Panel moderator Kenneth Fowler told The Eagle on Friday that the panelists are sending out a “proceed with caution” signal.
Thursday night’s meeting was the most harmonious session since the panelists began their work in late October with a deadline of Jan. 15 for a report to the Select Board.
Members had split into pairs last week to explore key issues of financing, health impact and environmental effects.
The show-stopper Thursday night came when a project supporter on the panel, Dr. Michael Kaplan, voiced his opinion that because of limited information, “it’s impossible to know what’s safe” regarding potential noise and vibration effects that could impact Lenox and Richmond residents who live less than one mile from the proposed Lenox Mountain site.
“I’m a doctor,” Kaplan elaborated under questioning from fellow panelist Eric Vincelette, a project supporter. “If a patient comes in and says, ‘Listen, the town is wanting to build a turbine a half-mile from my house, do [you] think it’s a good idea? I’d have to say no.”
Kaplan’s research partner, MIT engineer Christopher Magee, a project opponent, agreed that “putting them within a mile of people’s homes on that site is probably very risky for the town.”
“It’s very unlikely that Lenox would choose to put a wind turbine within a mile of someone’s home,” Kaplan said, “regardless of whether these effects are real or not.
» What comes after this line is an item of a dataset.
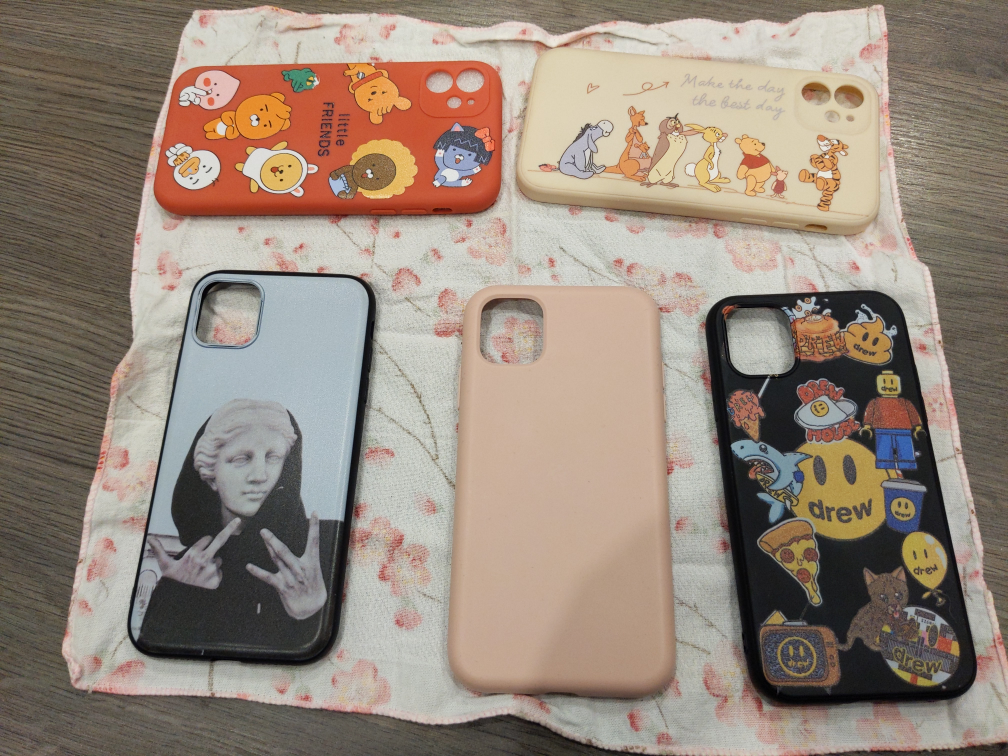#freecycle assorted iPhone 13 cases thumbnail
We don’t know what’s real and what isn’t real.
“If we can’t find a site that’s a mile away from people’s homes, we probably can’t build a wind turbine in Lenox. That’s my opinion,” he said. “It seems that the site that’s been chosen is too close to people’s homes.”
There are 60 homes – 20 in Lenox, 40 in Richmond – within one mile of the proposed installation, and 168 within a mile and a half, according to unofficial estimates.
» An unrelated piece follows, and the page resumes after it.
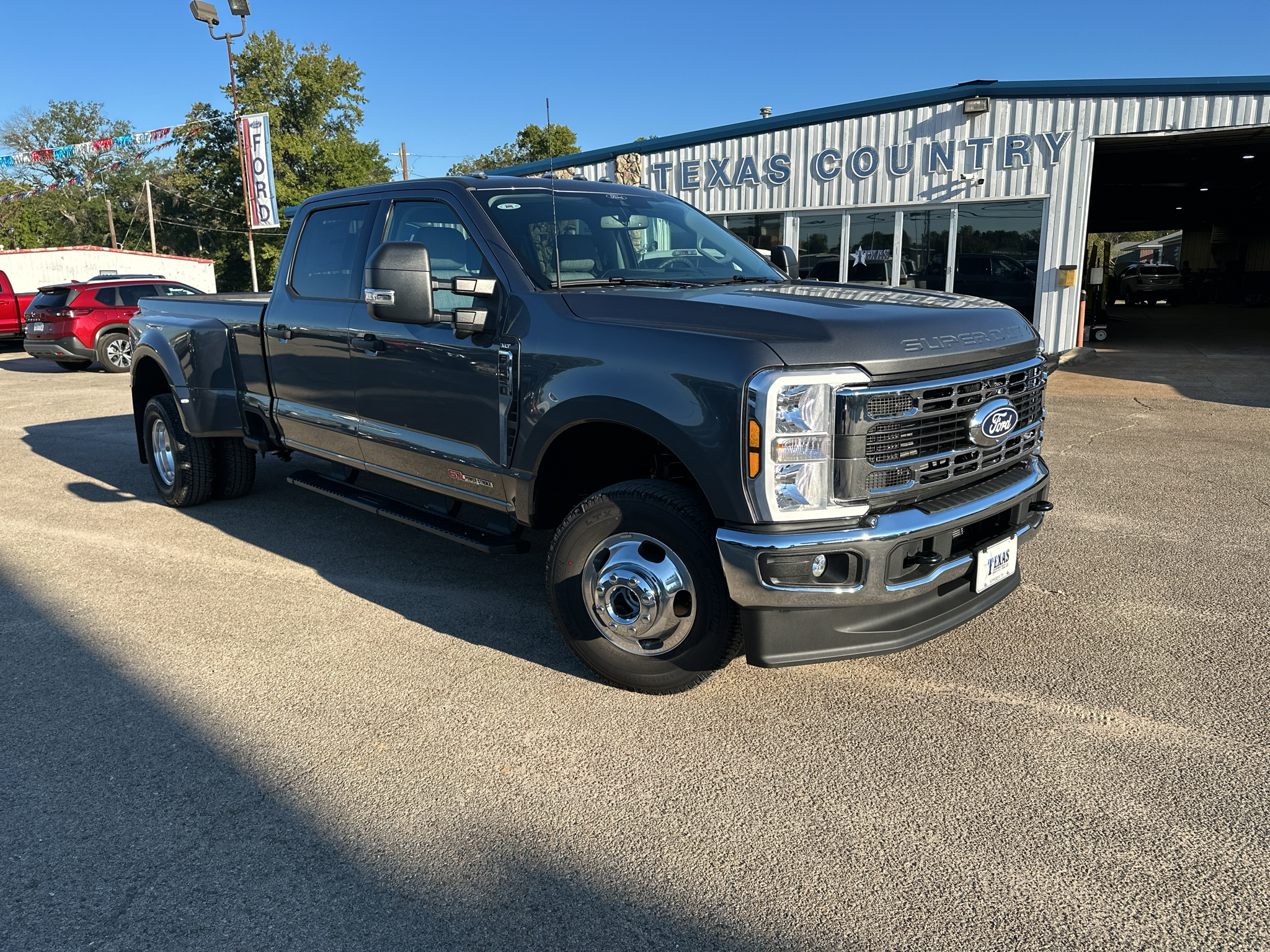 2027 Ford F-350 XLT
“Even if we had all of the data saying it’s safe, it’s still going to be unsettling, because there are differences of opinion about it,” Kaplan said.
“I don’t think we’re going to be able to come to a clear answer to say ‘yes, there’s a safe distance.’ Š But if we come up with a safe distance, it’s going to be over a mile, with the information we have now.”
Reacting to Kaplan’s comments, Magee was momentarily speechless, but then said, “I’m surprised, because I thought coming to a conclusion would be much harder. Š But I’m very close to your conclusion.”
“There are health effects of turbines,” Kaplan said. “Only noise annoyance and sleep disturbance have been demonstrated conclusively.”
He said the distance from a turbine that affects residents is unknown, most reported effects on health are anecdotal and have not been subjected to rigorous studies, and the actual distance from a turbine that might affect health varies with terrain and forestation.
“Residents who live within a mile of turbines might have to move and sell their homes,” Kaplan asserted, “because they were afraid they might have health effects; whether or not those fears would be realized is unknown.”
Magee acknowledged there are disagreements among sound-vibration and health experts. He added that there is no “definitive study” detailing the impact of low-frequency acoustic vibration on sleep disturbance up to a mile from turbines.
The panelists who explored financial impacts – alternate member Jo Anne Magee, a project opponent, and Eric Vincelette, a supporter – argued that many unknowns make it difficult to determine whether the town’s taxpayers would see any benefit from the production of wind energy for municipal needs.